ABOUT THIS TASK
Copy out the data in full and exactly, passing over the pictures.

EXERCISE DATA
────────────────────────────────────────
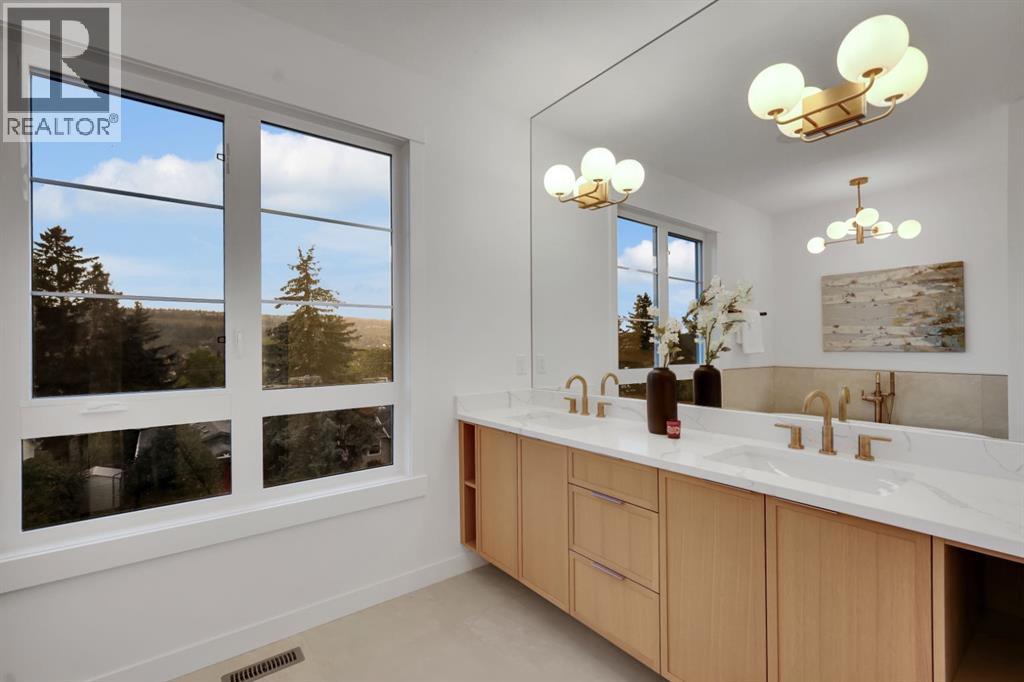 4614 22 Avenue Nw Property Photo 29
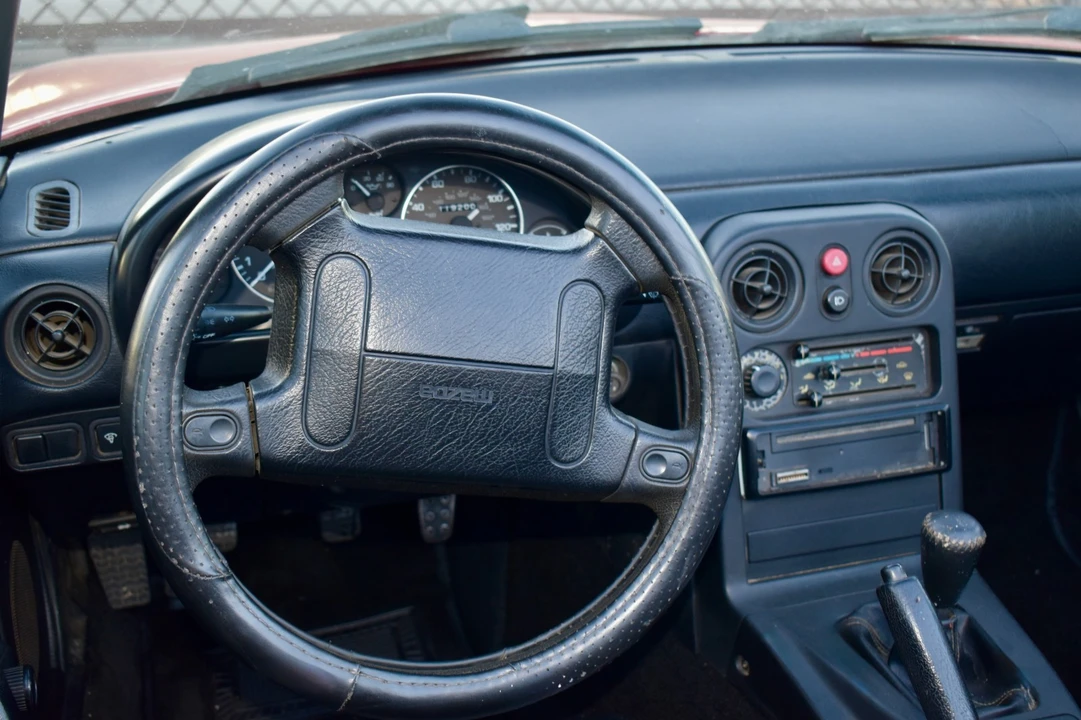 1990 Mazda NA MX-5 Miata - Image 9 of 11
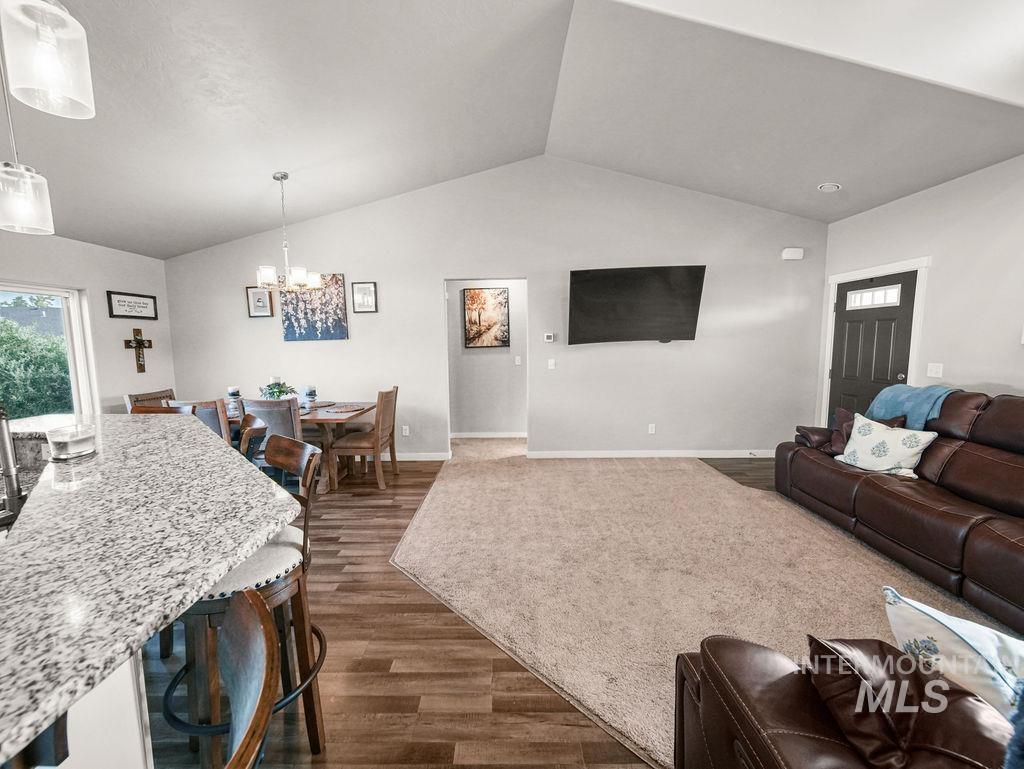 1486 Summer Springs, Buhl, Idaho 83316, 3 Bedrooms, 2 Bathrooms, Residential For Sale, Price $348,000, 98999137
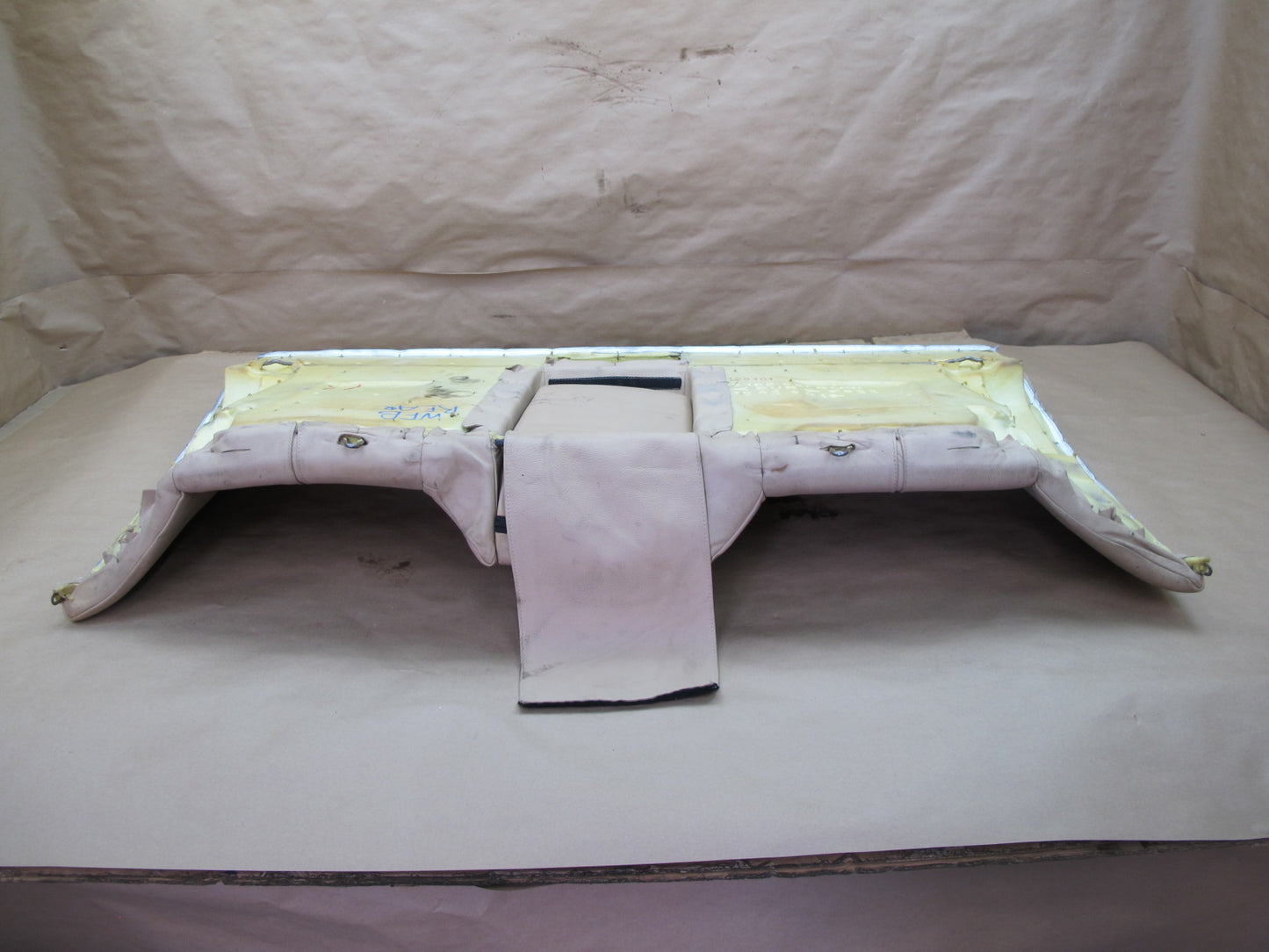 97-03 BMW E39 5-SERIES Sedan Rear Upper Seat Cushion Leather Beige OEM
────────────────────────────────────────
WRITTEN SOLUTION
 4614 22 Avenue Nw Property Photo 29
 1990 Mazda NA MX-5 Miata - Image 9 of 11
 1486 Summer Springs, Buhl, Idaho 83316, 3 Bedrooms, 2 Bathrooms, Residential For Sale, Price $348,000, 98999137
 97-03 BMW E39 5-SERIES Sedan Rear Upper Seat Cushion Leather Beige OEM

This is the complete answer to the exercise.